Records drawn from a dataset:
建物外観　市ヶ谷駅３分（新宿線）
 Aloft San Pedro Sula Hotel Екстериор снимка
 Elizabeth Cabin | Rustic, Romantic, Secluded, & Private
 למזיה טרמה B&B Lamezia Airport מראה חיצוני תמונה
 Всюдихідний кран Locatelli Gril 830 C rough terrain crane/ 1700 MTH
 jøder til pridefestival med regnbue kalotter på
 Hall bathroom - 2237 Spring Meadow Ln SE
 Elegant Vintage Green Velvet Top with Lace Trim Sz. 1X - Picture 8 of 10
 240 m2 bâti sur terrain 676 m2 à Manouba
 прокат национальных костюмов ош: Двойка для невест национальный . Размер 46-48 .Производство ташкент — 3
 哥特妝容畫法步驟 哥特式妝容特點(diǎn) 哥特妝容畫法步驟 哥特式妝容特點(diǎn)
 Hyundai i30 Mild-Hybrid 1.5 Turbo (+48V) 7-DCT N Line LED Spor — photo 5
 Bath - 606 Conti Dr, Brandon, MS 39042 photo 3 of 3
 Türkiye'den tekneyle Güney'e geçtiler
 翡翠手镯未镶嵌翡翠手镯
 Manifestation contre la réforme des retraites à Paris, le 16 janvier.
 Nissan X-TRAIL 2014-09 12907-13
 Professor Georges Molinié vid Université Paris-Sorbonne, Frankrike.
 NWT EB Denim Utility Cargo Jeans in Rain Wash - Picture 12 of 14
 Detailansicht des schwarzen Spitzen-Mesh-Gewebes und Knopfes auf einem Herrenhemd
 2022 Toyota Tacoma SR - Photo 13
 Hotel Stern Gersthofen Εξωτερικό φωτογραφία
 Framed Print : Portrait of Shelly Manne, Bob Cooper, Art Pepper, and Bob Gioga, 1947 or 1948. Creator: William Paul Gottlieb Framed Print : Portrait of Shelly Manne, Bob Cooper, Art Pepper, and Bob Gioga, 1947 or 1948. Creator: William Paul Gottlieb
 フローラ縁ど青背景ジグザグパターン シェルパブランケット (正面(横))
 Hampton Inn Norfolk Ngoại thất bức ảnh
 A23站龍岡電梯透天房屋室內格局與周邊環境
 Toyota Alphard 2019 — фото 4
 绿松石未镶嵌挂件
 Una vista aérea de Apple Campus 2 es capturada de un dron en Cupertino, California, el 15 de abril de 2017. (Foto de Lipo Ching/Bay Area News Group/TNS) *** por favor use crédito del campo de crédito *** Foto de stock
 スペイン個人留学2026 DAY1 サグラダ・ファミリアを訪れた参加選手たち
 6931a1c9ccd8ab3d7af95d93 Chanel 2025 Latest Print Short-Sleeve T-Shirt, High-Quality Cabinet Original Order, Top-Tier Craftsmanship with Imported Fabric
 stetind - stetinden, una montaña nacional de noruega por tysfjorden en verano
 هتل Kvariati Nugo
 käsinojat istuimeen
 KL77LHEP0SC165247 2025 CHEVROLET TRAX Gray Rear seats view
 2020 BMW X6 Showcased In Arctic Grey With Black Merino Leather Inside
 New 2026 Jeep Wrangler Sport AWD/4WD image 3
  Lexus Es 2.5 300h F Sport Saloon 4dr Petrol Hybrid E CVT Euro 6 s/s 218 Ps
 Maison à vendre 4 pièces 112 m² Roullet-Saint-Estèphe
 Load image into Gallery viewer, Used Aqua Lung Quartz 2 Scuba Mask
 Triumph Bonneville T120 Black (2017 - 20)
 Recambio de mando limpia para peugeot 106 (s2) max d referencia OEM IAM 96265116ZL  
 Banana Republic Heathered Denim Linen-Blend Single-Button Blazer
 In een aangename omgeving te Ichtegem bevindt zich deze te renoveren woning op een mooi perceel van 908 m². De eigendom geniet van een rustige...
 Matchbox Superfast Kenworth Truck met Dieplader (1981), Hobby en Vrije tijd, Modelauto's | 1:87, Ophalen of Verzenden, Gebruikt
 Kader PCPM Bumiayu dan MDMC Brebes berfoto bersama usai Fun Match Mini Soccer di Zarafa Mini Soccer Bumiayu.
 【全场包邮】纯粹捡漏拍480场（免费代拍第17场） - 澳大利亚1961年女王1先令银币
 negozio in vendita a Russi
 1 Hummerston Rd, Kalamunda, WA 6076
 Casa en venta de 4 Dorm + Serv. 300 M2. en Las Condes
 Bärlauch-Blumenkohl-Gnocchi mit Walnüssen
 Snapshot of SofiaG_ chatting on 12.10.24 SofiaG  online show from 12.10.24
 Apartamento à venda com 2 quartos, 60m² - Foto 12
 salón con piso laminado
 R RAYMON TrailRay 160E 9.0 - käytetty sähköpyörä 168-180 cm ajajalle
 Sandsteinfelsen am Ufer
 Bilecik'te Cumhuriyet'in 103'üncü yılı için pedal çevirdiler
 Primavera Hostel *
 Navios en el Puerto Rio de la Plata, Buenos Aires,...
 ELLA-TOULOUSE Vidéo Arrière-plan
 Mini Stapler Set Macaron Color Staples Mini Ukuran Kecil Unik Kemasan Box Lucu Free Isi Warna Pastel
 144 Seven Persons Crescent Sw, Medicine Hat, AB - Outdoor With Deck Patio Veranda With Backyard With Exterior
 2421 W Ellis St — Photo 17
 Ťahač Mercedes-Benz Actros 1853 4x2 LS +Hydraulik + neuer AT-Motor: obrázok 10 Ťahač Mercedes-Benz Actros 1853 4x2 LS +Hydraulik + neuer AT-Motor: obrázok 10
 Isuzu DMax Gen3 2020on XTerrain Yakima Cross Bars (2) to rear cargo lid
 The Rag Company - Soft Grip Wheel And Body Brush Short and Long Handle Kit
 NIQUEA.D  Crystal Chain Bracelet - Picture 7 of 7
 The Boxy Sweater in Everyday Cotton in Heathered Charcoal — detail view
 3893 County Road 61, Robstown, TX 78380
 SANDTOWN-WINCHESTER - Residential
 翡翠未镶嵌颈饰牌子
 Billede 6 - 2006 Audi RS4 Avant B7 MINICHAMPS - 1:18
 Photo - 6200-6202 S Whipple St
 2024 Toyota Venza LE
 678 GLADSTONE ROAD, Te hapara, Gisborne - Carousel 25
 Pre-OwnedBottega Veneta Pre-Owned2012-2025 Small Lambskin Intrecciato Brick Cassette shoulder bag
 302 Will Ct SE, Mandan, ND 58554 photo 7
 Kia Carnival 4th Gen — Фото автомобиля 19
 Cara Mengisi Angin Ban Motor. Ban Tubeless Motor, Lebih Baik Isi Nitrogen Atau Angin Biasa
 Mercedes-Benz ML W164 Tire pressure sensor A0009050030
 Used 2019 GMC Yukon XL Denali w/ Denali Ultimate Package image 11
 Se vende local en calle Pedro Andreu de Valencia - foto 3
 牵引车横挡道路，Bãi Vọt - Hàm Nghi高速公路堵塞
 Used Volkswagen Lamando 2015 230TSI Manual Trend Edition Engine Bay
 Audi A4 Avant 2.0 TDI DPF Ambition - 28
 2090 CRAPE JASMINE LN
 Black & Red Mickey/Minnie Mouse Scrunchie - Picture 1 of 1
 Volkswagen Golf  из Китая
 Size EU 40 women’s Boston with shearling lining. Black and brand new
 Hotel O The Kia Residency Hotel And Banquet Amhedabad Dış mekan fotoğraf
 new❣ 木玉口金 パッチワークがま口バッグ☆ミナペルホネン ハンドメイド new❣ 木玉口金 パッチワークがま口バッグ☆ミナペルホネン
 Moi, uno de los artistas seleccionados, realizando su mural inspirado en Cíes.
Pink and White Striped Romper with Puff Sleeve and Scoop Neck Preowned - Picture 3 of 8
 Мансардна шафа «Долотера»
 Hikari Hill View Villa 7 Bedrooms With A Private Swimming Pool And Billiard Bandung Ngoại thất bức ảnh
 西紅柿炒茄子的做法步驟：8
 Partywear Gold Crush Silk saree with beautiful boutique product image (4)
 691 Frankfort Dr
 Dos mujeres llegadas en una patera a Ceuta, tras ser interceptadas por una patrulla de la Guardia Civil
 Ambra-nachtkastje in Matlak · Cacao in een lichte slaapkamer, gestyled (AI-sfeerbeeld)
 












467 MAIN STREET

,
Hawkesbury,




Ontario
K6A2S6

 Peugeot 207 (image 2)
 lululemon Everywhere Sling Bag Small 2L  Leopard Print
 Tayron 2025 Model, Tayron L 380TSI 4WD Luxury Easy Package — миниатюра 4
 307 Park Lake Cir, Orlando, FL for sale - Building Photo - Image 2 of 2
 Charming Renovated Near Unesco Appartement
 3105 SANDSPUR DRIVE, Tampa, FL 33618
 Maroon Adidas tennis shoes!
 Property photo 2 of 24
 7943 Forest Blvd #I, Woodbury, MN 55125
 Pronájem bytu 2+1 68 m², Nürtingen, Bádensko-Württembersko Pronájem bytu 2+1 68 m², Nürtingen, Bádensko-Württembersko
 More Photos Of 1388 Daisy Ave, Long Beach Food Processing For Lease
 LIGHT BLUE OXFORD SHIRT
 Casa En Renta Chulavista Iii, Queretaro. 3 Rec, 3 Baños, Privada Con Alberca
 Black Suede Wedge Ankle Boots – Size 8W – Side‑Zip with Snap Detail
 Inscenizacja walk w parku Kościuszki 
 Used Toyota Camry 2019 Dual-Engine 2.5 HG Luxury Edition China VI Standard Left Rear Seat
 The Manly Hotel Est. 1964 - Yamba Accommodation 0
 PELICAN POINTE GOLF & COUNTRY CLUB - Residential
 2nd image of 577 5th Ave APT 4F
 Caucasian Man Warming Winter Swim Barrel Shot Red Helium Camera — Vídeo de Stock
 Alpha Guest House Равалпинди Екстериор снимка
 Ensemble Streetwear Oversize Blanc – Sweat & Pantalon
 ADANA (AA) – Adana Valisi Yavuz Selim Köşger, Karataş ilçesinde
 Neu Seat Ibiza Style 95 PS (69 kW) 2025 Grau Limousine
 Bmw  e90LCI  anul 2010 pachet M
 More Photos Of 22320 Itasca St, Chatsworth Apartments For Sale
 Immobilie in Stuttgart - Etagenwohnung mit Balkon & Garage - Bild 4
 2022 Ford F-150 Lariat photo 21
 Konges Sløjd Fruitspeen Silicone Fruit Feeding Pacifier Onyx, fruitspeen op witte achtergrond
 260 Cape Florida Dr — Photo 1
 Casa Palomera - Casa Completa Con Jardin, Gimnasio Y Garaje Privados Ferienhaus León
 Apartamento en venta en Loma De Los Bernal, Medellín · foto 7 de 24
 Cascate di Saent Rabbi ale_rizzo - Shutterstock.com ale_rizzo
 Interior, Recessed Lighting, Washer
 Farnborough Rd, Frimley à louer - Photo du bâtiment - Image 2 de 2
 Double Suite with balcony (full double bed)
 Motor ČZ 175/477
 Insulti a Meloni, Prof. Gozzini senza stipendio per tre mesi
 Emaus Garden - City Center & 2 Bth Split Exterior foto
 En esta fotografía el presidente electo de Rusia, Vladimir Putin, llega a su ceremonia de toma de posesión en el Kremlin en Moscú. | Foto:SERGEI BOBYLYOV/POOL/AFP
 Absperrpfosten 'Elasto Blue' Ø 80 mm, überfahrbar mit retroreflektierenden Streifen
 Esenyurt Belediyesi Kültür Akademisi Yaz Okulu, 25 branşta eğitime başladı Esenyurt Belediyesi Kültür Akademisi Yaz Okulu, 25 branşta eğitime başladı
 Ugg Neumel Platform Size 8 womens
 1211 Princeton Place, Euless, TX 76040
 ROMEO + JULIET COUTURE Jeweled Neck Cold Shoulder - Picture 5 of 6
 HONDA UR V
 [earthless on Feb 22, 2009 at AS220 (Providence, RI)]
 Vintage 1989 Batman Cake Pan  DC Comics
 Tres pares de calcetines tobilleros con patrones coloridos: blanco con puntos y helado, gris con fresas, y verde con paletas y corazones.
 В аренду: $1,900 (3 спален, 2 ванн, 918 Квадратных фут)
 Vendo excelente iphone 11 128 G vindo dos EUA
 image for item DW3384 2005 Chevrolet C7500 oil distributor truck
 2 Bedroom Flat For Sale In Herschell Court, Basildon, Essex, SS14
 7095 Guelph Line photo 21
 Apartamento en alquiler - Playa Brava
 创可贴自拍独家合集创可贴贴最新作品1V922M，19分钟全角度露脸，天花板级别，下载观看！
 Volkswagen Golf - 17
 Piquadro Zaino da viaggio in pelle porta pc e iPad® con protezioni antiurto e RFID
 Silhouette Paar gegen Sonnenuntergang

§ **PROBLEM DETAILS**:
Of the lines above, retype only those from the line containing "A23站龍岡電梯透天房屋室內格局與周邊環境" through the line containing "スペイン個人留学2026 DAY1 サグラダ・ファミリアを訪れた参加選手たち", including both, exactly.

§ **ANSWER SECTION**:
 A23站龍岡電梯透天房屋室內格局與周邊環境
 Toyota Alphard 2019 — фото 4
 绿松石未镶嵌挂件
 Una vista aérea de Apple Campus 2 es capturada de un dron en Cupertino, California, el 15 de abril de 2017. (Foto de Lipo Ching/Bay Area News Group/TNS) *** por favor use crédito del campo de crédito *** Foto de stock
 スペイン個人留学2026 DAY1 サグラダ・ファミリアを訪れた参加選手たち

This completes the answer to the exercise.